The program was launched by CTF almost 10 years ago. The platform is aimed at generating evidence of efficacy in NF animal models, using compounds already in the clinical stage of development for other indications (compound repurposing) in order to build a pipeline of compounds ready to enter clinical trials. This group has completed 116 preclinical trials that have informed 16 NF clinical trials.

Importantly, the preclinical consortium has been instrumental in validating the involvement of MEK in plexiform neurofibroma growth. Their discoveries have led to the very promising phase 2 registration clinical trial (the effect of Selumetinib (AZD6244) on inoperable plexiform neurofibroma).
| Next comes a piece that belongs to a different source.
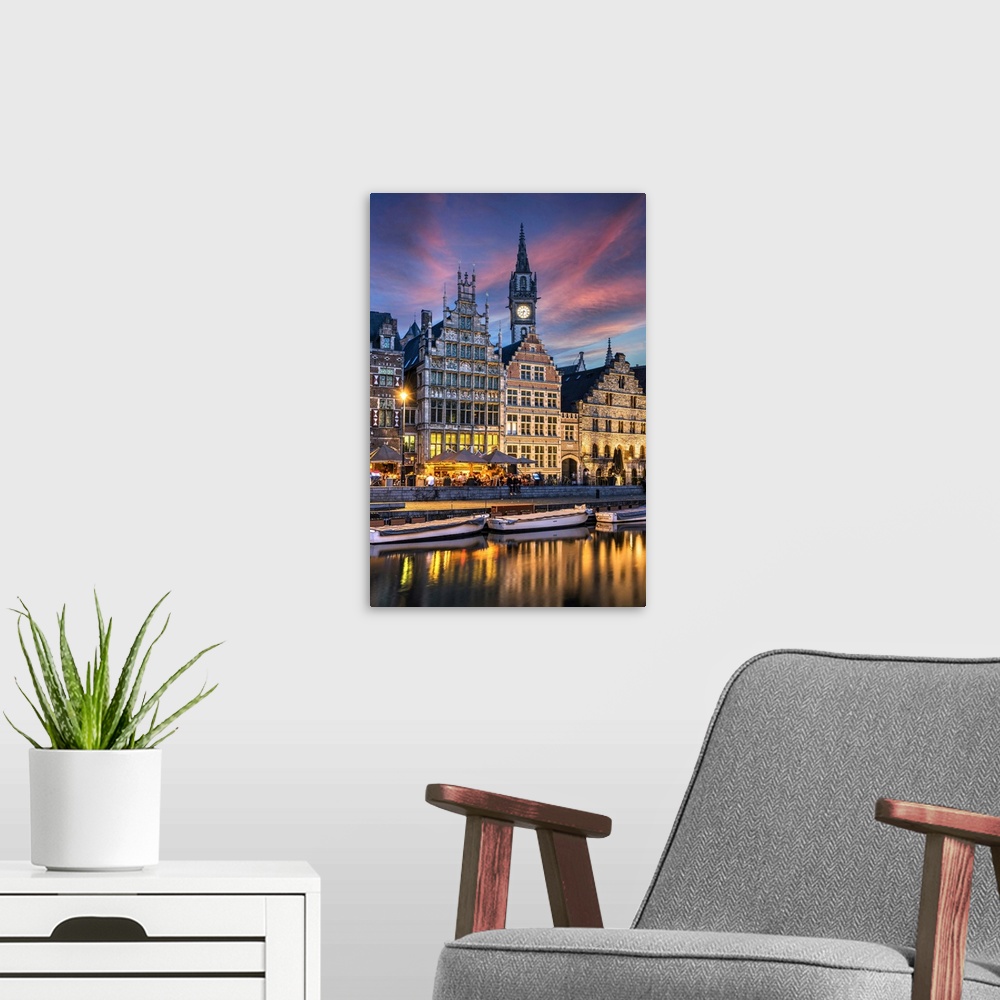 A modern room featuring Graslei quay and guild houses of the old town, Ghent, East Flanders, Belgium. East Flanders, Ghen...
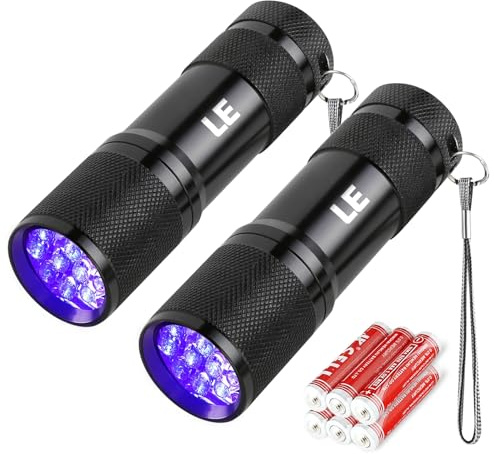 Lepro LED UV Schwarzlicht Taschenlampe mit 9 LEDs, mini UV Lampe Ultraviolettes Licht mit 395nm für Geocaching, Heimtierurindetektoren, Haustiere Urin-Detektor usw. Inklusive 6 AAA Batterien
AZD6244 shows in over 70% of the patients a tumor growth reduction of at least 20% (Jessen et al, 2013; Dombi et al, 2016).

A network of Key Opinion Leaders (KOL) who act as a network of experts/consultants to speed up decision‐making and clinical trial design (Plotkin et al, 2013; Widemann & Plotkin, 2016; Blakeley et al, 2017).

An international network of NF clinicians that define and agree on diagnostic, clinical care, and outcome measures for NF to allow a drug approval path (known as REiNS—Response Evaluation in NF and Schwannomatosis), as well as a national network of 50 NF clinics, which are connected to improve overall NF care (Merker et al, personal communication).

Conflict of interest

Annette Bakker is the President and CSO of the Children's Tumor Foundation. Salvatore la Rosa is Vice President of Research of the Children's Tumor Foundation.